Id . at 551–52 (footnote omitted).

Significantly, in a footnote to the third element, the BIA made clear that Ozkok did not disturb the longstanding finality requirement. It is "well established," the BIA explained, "that a conviction does not attain a sufficient degree of finality for immigration purposes until direct appellate review of the conviction has been exhausted or waived." Id . at 552 n.7 (citing Marino , 537 F.2d at 686 ).

When in 1996 Congress enacted the current definition of "conviction" as part of the IIRIRA, it derived this definition almost verbatim from Ozkok , but it omitted the third prong and with it the footnote referencing finality. Compare id. at 551–52 with 8 U.S.C. § 1101(a)(48)(A). The IIRIRA House Conference Report explains that legislators removed the third prong concerning deferred adjudications in a deliberate attempt to "broaden[ ] the scope of the definition of ‘conviction’ " because Ozkok did "not go far enough to address situations where a judgment of guilt or imposition of sentence is suspended, conditioned upon the alien's future good behavior." H.R. Conf. Rep. No. 104-828, at 224 (1996). The amended definition thus "clarifie[d] Congressional intent that even in cases where adjudication is ‘deferred,’ the original finding or confession of guilt is sufficient to establish a ’conviction‘ for purposes of the immigration laws." Id .; see also H.R. Rep. No. 104-879, at 123 (1997) (Letter of Transmittal) (stating that IIRIRA "make[s] it easier to remove criminal aliens, regardless of specific procedures in States for deferred adjudication or suspension of sentences").

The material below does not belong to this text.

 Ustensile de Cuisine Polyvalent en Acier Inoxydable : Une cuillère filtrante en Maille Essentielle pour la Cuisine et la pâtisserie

Brathwaite argues that by adopting nearly verbatim the Ozkok definition of "conviction," Congress imported Ozkok ’s finality requirement. He asserts that the only change made went to deferred adjudications. And he points out that "when judicial interpretations have settled the meaning of an existing statutory provision, repetition of the same language in a new statute indicates, as a general matter, the intent to incorporate its ... judicial interpretations as well." Merrill Lynch, Pierce, Fenner & Smith Inc. v. Dabit , 547 U.S. 71, 85–86, 126 S.Ct. 1503, 164 L.Ed.2d 179 (2006) (internal quotation marks omitted) (quoting Bragdon v. Abbott , 524 U.S. 624, 645, 118 S.Ct. 2196, 141 L.Ed.2d 540 (1998) ).

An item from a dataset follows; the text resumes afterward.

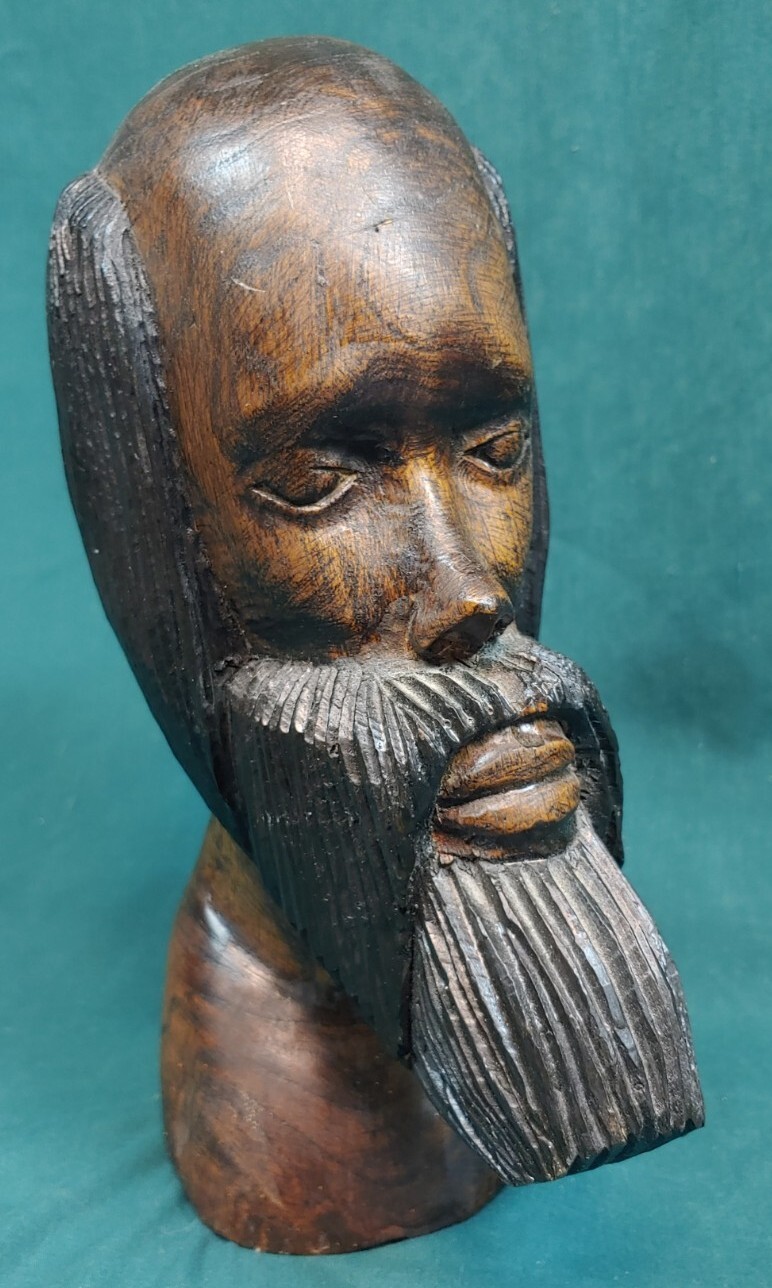 Old Vintage Hand Carved Bearded Man Figure Wood Carving Ethnic Statue Sculpture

Brathwaite further insists that Congress would be expected to speak clearly and directly if it intended to modify a long-established judicial interpretation of an important legal question. Cf. Food & Drug Admin. v. Brown & Williamson Tobacco Corp ., 529 U.S. 120, 159, 120 S.Ct. 1291, 146 L.Ed.2d 121 (2000) ("Congress is more likely to have focused upon, and answered, major questions, while leaving interstitial matters to answer themselves in the course of the statute's daily administration." (internal quotation marks omitted)); see also Saxbe v. Bustos , 419 U.S. 65, 74–75, 95 S.Ct. 272, 42 L.Ed.2d 231 (1974) ("[L]ongstanding administrative construction [of an INA provision was] entitled to great weight" and was not "repealed sub silentio" by Congress).

The Government contends, however, that the IIRIRA's definition of "conviction," which includes no discussion of finality, is neither plain nor subject to an ordinary meaning analysis. It argues that the term is therefore ambiguous. And, in support of its arguments, it points to disparate interpretations of that term employed by our sister circuits.

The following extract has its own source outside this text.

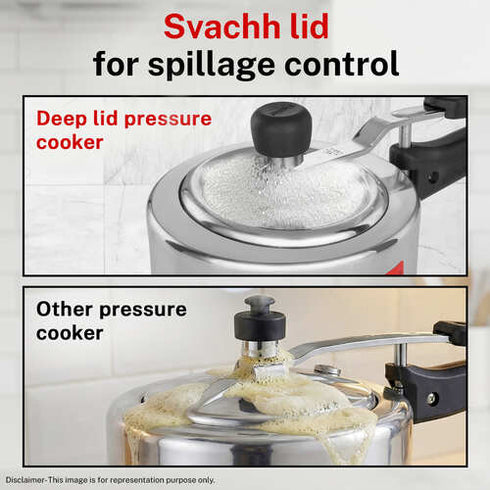 Prestige Nakshatra Plus Svachh Aluminium Spillage Control Pressure Cooker 2 L Silver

The various courts of appeals, including our own, have indeed differed on the meaning of "conviction" in the IIRIRA. We conclude that the relevant IIRIRA provision, which defines "conviction" as "a formal judgment of guilt of the alien entered by a court," 8 U.S.C. § 1101(a)(48)(A), is sufficiently ambiguous to warrant Chevron analysis. On the one hand, the word "entered" might be understood to indicate that a "conviction" occurs when the trial court enters its judgment of conviction in the record, i.e. , before the defendant files any notice of appeal. See, e.g. , Planes v. Holder , 652 F.3d 991, 995 (9th Cir. 2011) (reasoning that, "as a matter of logic, a defendant cannot appeal a conviction until after the entry of a judgment of guilt" and, therefore, that "a ‘conviction’ ... exists once the district court enters judgment, notwithstanding the availability of an appeal as of right"). On the other hand, such a conclusion seems, in the immigration context, absurd, if not at least fundamentally unfair, because a direct appeal—at least one on the merits—could result in reversal or vacatur of the judgment of conviction, thus eliminating the basis for removal. See Gibbons v. Bristol-Myers Squibb Co. , 919 F.3d 699, 705 (2d Cir. 2019) (observing that courts seek to avoid constructions yielding absurd or fundamentally unfair results). Thus, the text alone does not permit us to conclude confidently that Congress intended a district court's entry of judgment to identify a "conviction" for purposes of immigration law when the validity of that judgment of conviction could be challenged on direct appeal.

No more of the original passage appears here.